1

I am searching a best performance method to group and count sequences with sorting using LINQ. I will be processing files even bigger than 500 MBs so performance is most important key in that task.

List<int[]> num2 = new List<int[]>();
num2.Add(new int[] { 35, 44 });
num2.Add(new int[] { 200, 22 });
num2.Add(new int[] { 35, 33 });
num2.Add(new int[] { 35, 44 });
num2.Add(new int[] { 3967, 11 });
num2.Add(new int[] { 200, 22 });
num2.Add(new int[] { 200, 2 });

The result have to be like this:

[35,   44]  => 2
[200,  22] => 2
[35,   33] => 1
[35,   44] => 1
[3967, 11] => 1
[200,  2 ] => 1

I have done something like this:

        Dictionary<int[], int> result2 = (from i in num2
                                       group i by i into g
                                       orderby g.Count() descending
                                       select new { Key = g.Key, Freq = g.Count() })
                          .ToDictionary(x => x.Key, x => x.Freq);

        SetRichTextBox("\n\n Second grouping\n");

        foreach (var i in result2)
        {
            SetRichTextBox("\nKey: ");
            foreach (var r in i.Key)
            {
                SetRichTextBox(r.ToString() + "  ");
            }

            SetRichTextBox("\n  Value: " + i.Value.ToString());

        }

But it is not working properly. Any help?

ekad
  • 14,436
  • 26
  • 44
  • 46
maszynaz
  • 309
  • 4
  • 11
  • What isn't working? What error are you getting? – Andrew Coonce Oct 23 '13 at 20:10
  • `to group and count sequences` what group? what count? your example doesn't show any thing meaningful for what you said, poorly explained question – King King Oct 23 '13 at 20:12
  • Are the arrays always of length 2? – Rob Lyndon Oct 23 '13 at 20:17
  • Each int array should be printed once and showed how many times it occured in the list. Each array have tha same size but not always 2. – maszynaz Oct 23 '13 at 20:18
  • Why do you use List and how do you get it? If you build it yourself during file reading, then directly use Dictionary. Such approach will save you from groupby step. You will need to sort dictionary by values. – Shad Oct 23 '13 at 20:39
  • Shad I will check your idea. – maszynaz Oct 23 '13 at 20:57
  • You'll need to define a hashcode for your key, which may be a way to go. There isn't a default one for int[] because its expensive, but you can use a custom type of your own that implements its own hashcode. – Rob Lyndon Oct 24 '13 at 14:49

2 Answers2

1

For arrays of length 2, this will work.

num2.GroupBy(a => a[0])
    .Select(g => new { A0 = g.Key, A1 = g.GroupBy(a => a[1]) })
    .SelectMany(a => a.A1.Select(a1 => new { Pair = new int[] { a.A0, a1.Key }, Count = a1.Count() }));

I think that should give you optimal performance; you could also try an .AsParallel() clause after your first Select statement.
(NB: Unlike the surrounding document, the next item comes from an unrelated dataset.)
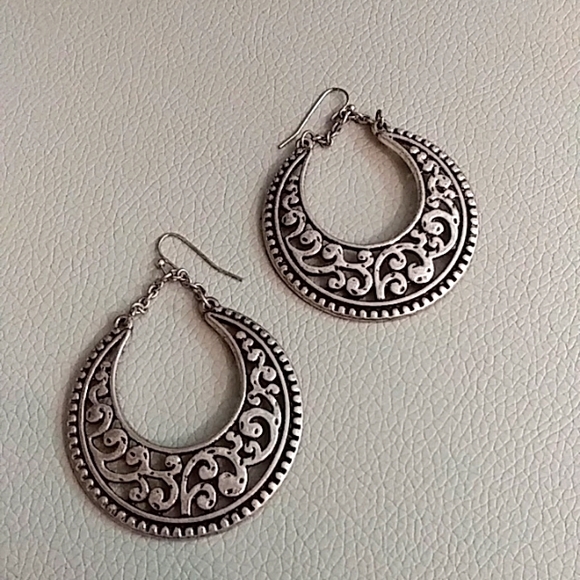 NWOT Boho Carved Earring Pendant Hoops - Picture 5 of 17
This strategy (grouping successively by the n-th element of the arrays) generalises to arrays of arbitrary length:

var dim = 2;

var tuples = num2.GroupBy(a => a[0])
    .Select(g => new Tuple<int[], List<int[]>>(new [] { g.Count(), g.Key }, g.Select(a => a.Skip(1).ToArray()).ToList()));

for (int n = 1; n < dim; n++)
{
    tuples = tuples.SelectMany(t => t.Item2.GroupBy(list => list[0])
        .Select(g => new Tuple<int[], List<int[]>>(new[] { g.Count() }.Concat(t.Item1.Skip(1)).Concat(new [] { g.Key }).ToArray(), g.Select(a => a.Skip(1).ToArray()).ToList())));
}

var output = tuples.Select(t => new { Arr = string.Join(",", t.Item1.Skip(1)), Count = t.Item1[0] })
    .OrderByDescending(o => o.Count)
    .ToList();

which generates an output of

Arr = "35, 44", Count = 2
Arr = "200, 22", Count = 2
Arr = "35, 33", Count = 1
Arr = "200, 2", Count = 1
Arr = "3967, 11", Count = 1

in your example. I'll let you test it for higher dimensions. :)

You should be able to parallelise these queries without too much difficulties, as the successive groupings are independent.

Rob Lyndon
  • 12,089
  • 5
  • 49
  • 74
  • Hi, how about variable int arrays? – maszynaz Oct 23 '13 at 20:43
  • OK, there should be a way to do that. If your array size is n >= 1, you can perform an elegant Aggregate operation. Give me a few minutes. – Rob Lyndon Oct 23 '13 at 20:49
  • Done. OK, it was more than a few minutes. You could quite easily make an Aggregate out of this, but I don't think we need to make it any more complicated than it already is. – Rob Lyndon Oct 23 '13 at 21:47
  • Its performance isn't bad, but it could be better. For better performance, you need to find a good hashing algorithm for an array of its. – Rob Lyndon Oct 26 '13 at 18:42
0

You can do something like this:

var results = from x in nums
              group x by new { a = x[0], b = x[1] } into g
              orderby g.Count() descending
              select new
              {
                  Key = g.Key,
                  Count = g.Count()
              };

foreach (var result in results)
    Console.WriteLine(String.Format("[{0},{1}]=>{2}", result.Key.a, result.Key.b, result.Count));

The trick is to come up with a way to compare the values in the array, instead of the arrays themselves.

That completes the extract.